Sie wurde schon beim Lokführerstreik
deutlich und zwar sowohl bei den KollegInnen selbst wie auch bei
der überwältigenden Unterstützung in der arbeitenden Bevölkerung
für diesen Ausstand. Sie zeigt sich aktuell auch im
Einzelhandel, wo mit einem Mehrfachen an Engagement gekämpft
wird als in früheren Tarifrunden.
Kampfbereitschaft
alleine reicht nicht!
In den letzten Jahren mussten wir oft
genug die Erfahrung machen, dass die Kampfbereitschaft der
Belegschaften oder in der arbeitenden Bevölkerung nicht
ausgebaut und nicht genutzt wurde.
Hunderttausende, die gegen Sozialabbau,
Hartz oder die Rente mit 67 auf die Strasse gegangen waren,
wurden von den Gewerkschaftsspitzen wieder nach Hause geschickt
- ohne Anleitung, wie der Kampf verschärft, wie die Bewegung
verbreitert, wie z.B. ein Generalstreik gegen den Generalangriff
vorbereitet werden könnte.

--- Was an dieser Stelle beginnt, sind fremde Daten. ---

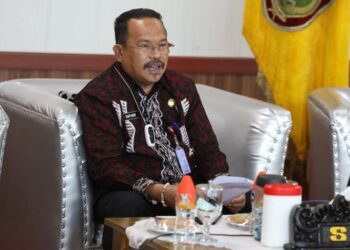 Pj. Sekda Kalteng Hadiri Rapat Evaluasi RPJMD Prov Kalteng Tahun 2021-2026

Aber jedeR konnte sehen, dass gegen
die vereinigte Front von Kapital und Regierung einmalige
Meinungsbekundungen nicht reichten.
Kampfbereite Belegschaften durften zwar
Aktionen machen, manchmal sogar streiken, aber, ob Opel Bochum
oder AEG, es gab keine konzernweiten Kampfaktionen, Streiks, die
wirklich das Management unter Druck gesetzt hätten.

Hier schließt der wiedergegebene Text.